** Opening RECORDS FOR THIS EXERCISE block **
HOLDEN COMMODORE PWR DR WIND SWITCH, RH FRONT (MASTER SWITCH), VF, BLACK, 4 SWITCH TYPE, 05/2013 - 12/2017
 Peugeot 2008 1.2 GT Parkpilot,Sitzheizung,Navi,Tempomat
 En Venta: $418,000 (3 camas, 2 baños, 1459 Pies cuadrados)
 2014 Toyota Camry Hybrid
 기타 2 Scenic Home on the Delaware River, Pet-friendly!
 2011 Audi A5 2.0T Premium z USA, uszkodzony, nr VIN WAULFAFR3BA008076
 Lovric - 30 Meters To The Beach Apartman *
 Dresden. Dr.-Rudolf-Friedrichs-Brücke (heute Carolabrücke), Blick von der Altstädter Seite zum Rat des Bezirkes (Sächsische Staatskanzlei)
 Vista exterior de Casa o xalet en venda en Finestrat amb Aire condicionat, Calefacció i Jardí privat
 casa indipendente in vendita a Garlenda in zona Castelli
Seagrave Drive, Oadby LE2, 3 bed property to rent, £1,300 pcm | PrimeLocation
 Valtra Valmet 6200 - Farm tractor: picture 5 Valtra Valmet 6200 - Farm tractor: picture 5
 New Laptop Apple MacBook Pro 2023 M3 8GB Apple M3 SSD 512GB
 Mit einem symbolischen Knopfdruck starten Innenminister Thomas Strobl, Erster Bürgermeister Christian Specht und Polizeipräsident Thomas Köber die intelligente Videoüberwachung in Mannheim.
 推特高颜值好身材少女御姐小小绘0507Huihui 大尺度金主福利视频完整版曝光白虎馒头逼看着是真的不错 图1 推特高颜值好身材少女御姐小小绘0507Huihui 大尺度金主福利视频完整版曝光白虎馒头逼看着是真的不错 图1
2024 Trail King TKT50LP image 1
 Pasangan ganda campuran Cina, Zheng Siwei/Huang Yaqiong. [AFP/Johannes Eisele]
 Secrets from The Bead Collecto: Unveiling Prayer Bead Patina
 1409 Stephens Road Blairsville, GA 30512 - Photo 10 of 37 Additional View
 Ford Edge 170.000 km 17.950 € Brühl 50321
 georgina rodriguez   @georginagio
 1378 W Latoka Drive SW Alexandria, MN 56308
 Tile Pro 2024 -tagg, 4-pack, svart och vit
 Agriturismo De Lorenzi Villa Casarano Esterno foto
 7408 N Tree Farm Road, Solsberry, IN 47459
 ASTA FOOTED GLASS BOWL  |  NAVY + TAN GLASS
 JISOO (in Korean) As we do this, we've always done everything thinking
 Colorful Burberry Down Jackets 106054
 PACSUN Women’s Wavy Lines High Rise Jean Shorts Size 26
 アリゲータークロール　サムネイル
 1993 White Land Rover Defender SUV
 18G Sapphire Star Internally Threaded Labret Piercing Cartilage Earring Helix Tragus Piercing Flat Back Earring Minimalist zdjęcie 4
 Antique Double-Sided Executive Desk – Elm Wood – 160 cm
** Closing RECORDS FOR THIS EXERCISE block **
EXERCISE AIM >> Please give an exact copy of the lines above, beginning with the line containing "1378 W Latoka Drive SW Alexandria, MN 56308" and running through the line containing "ASTA FOOTED GLASS", and of no other lines.

WRITTEN ANSWER >>
 1378 W Latoka Drive SW Alexandria, MN 56308
 Tile Pro 2024 -tagg, 4-pack, svart och vit
 Agriturismo De Lorenzi Villa Casarano Esterno foto
 7408 N Tree Farm Road, Solsberry, IN 47459
 ASTA FOOTED GLASS BOWL  |  NAVY + TAN GLASS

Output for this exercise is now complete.